At what point shall we expect the approach of danger? By what means shall we fortify against it? Shall we expect some trans-Atlantic military giant to step the ocean and crush us at a blow? Never! All the armies of Europe, Asia, and Africa combined could not, by force, take a drink from the Ohio or make a track on the Blue Ridge in a trial of a thousand years.
At what point, then, is the approach of danger to be expected? I answer, that if it ever reach us, it must spring from amongst us; it cannot come from abroad. If destruction be our lot, we ourselves must be the authors and finishers. As a nation of free men, we must live through all times, or die by suicide.

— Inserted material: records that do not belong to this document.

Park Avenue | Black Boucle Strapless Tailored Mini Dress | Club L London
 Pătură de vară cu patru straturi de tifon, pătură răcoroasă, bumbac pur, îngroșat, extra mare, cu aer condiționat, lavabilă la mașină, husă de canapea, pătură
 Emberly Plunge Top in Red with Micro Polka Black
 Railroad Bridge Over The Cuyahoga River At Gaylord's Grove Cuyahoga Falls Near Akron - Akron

According to Wikipedia, the whole speech – this is just a part – combines sentences from 1838, 1852, 1858, 1860, and 1864. What would cause someone to choose quotes about enemies within, instead of using an actual speech by a man who, I’m told, wrote some pretty good ones? In today’s climate, the speech comes across like some sort of Tea Party screed.
*Sorry, Ari.
44 comments
February 22, 2010 at 12:14 pm
kevin
Of course Abe is second best.
Everyone knows the greatest was William Henry Harrison, who still holds the land speed record for the American presidency, clocking in at thirty days, seven hours, four minutes and 32 seconds.
February 22, 2010 at 12:36 pm
Ben Alpers
In the mid-’60s when this exhibit premiered, state-of-the-art wingnuttery was denouncing Lincoln, who appeared (along with Jackson and FDR) as the three great villains in Frank “Fusionism” Meyer‘s declension narrative about the destruction of the original Constitutional settlement by the encroaching power of the mob and the State.
February 22, 2010 at 12:47 pm
jacob
It’s pinkos like you that freed the slaves.
February 22, 2010 at 12:59 pm
heydave
Holy hugnuts! Just please tell me that they didn’t have the animatronic Lincoln wink and say “you betcha!”
February 22, 2010 at 1:06 pm
Ahistoricality
In the mid-’60s when this exhibit premiered, state-of-the-art wingnuttery was denouncing Lincoln,
And ol’ Walt was no liberal, either.
February 22, 2010 at 1:06 pm
kevin
You’re thinking of the Rapping Lincoln at Duff Gardens, Dave.
February 22, 2010 at 1:28 pm
grackle
My only visit to Disneyland was in the mid 60’s and at the time the robotic Lincoln IIRC did give the Gettysburg address, but it was preceded by an advertisement for Lincoln Savings, which was later to be made famous by Charles Keating. All in all quite a surreal experience.
February 22, 2010 at 1:35 pm
slimlove
robot lincoln would explain this…
http://wondermark.com/594/
February 22, 2010 at 4:07 pm
Erik
So who is #1 if not Lincoln?
February 22, 2010 at 4:44 pm
Kieran
One and only one President had a pocket full of horses, fucked the shit out of bears, threw a knife into heaven, and could kill with a stare.
February 22, 2010 at 4:58 pm
snarkout
As a good liberal, I am opposed to presidents who are made of radiation.
February 22, 2010 at 5:01 pm
Sir Charles
And had like thirty godammed dicks.
February 22, 2010 at 5:02 pm
ari
Little known fact: Lincoln actually had 32 goddamn dicks.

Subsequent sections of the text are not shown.